From the first line to the last, restate the material word for word; pictures stay out.

Top of Data segment

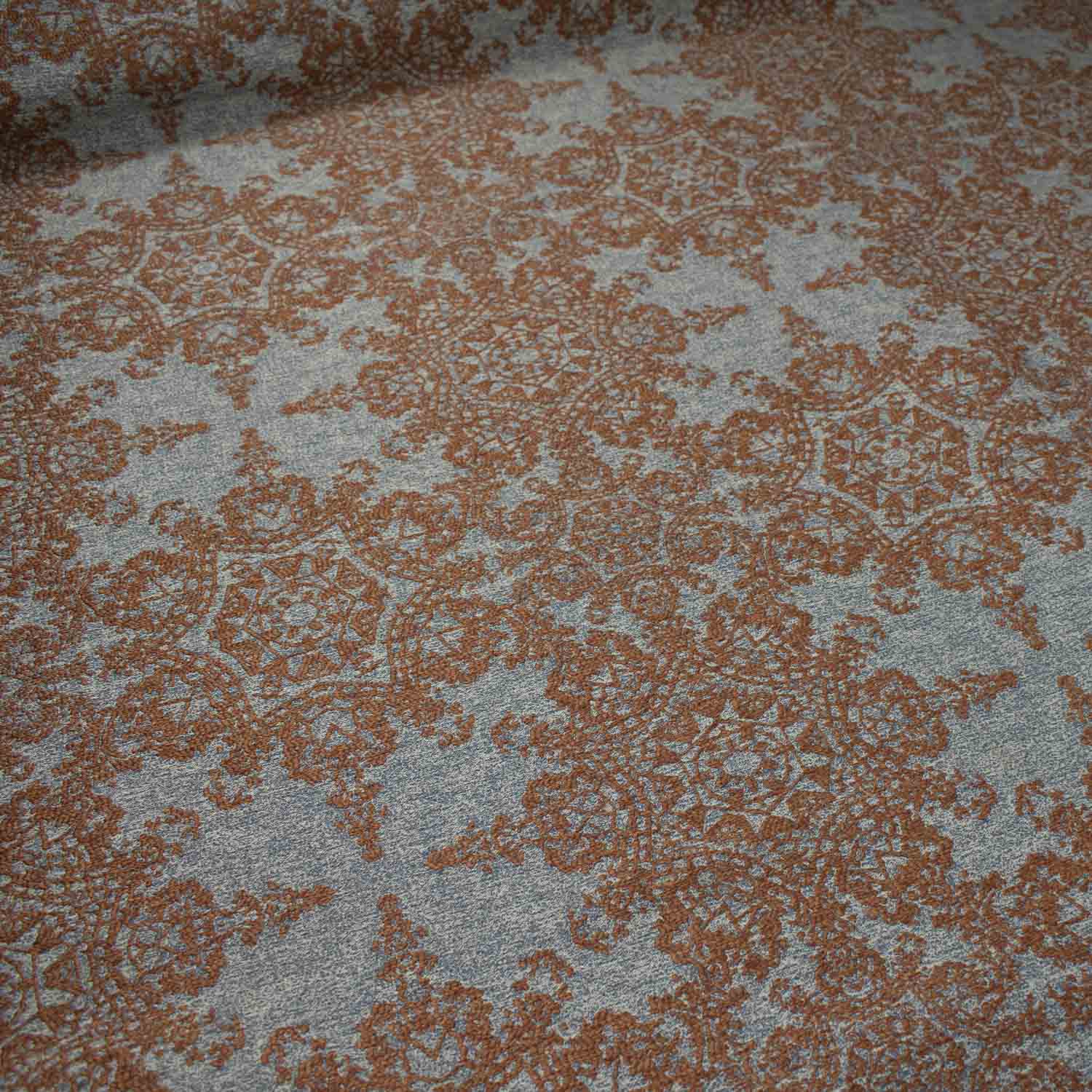 Turkish Curtaining/Upholstery Reversible Snowflake Jacquard - Image 4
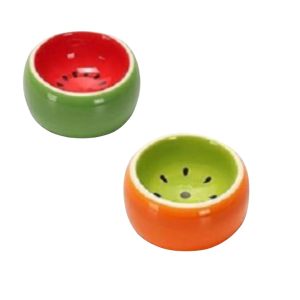 Small Pets Ceramic Fruit Food Bowls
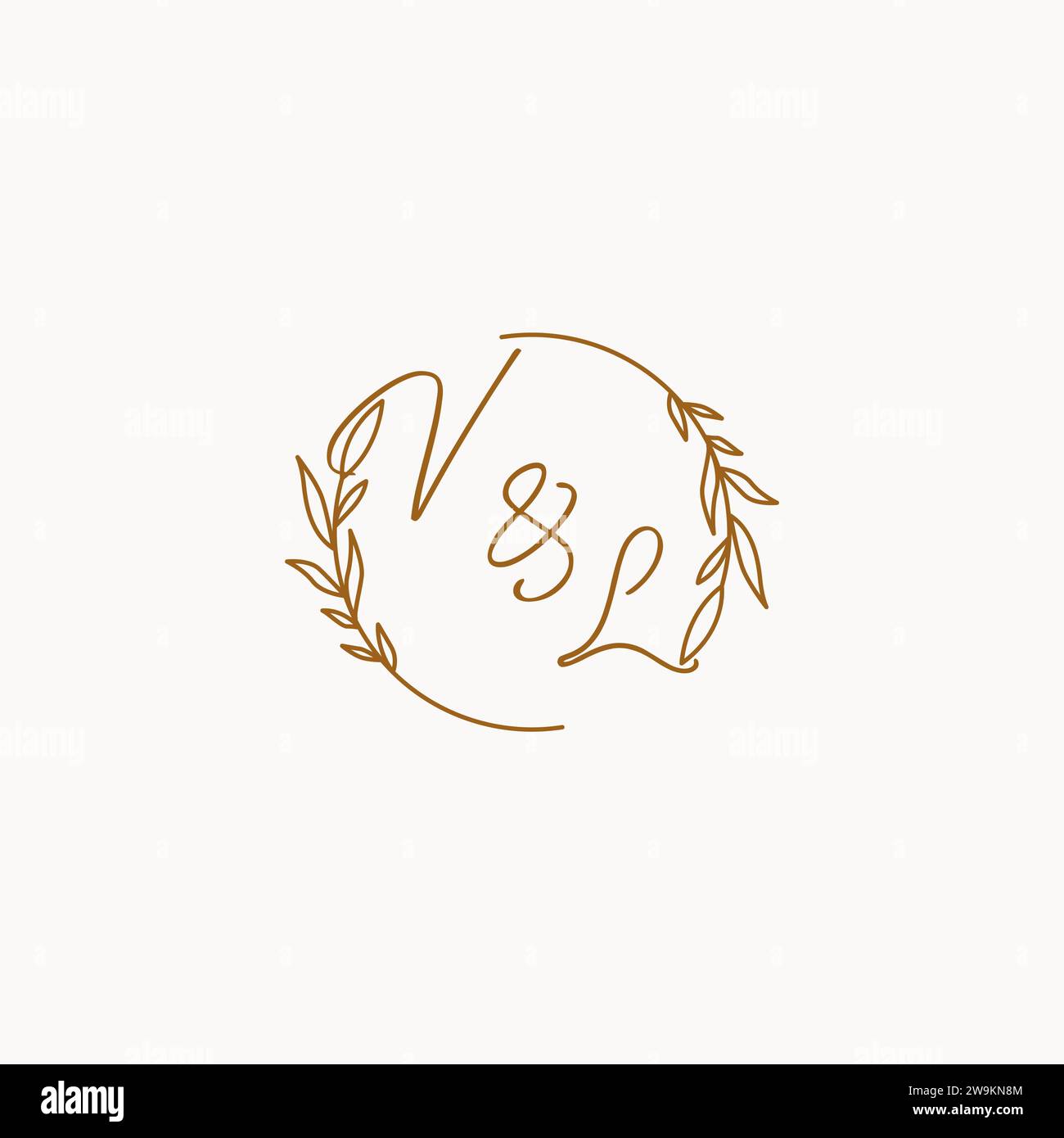 VL wedding initials logo design ideas Stock Vector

Bottom of Data segment

◆ Solution to the problem
 Turkish Curtaining/Upholstery Reversible Snowflake Jacquard - Image 4
 Small Pets Ceramic Fruit Food Bowls
 VL wedding initials logo design ideas Stock Vector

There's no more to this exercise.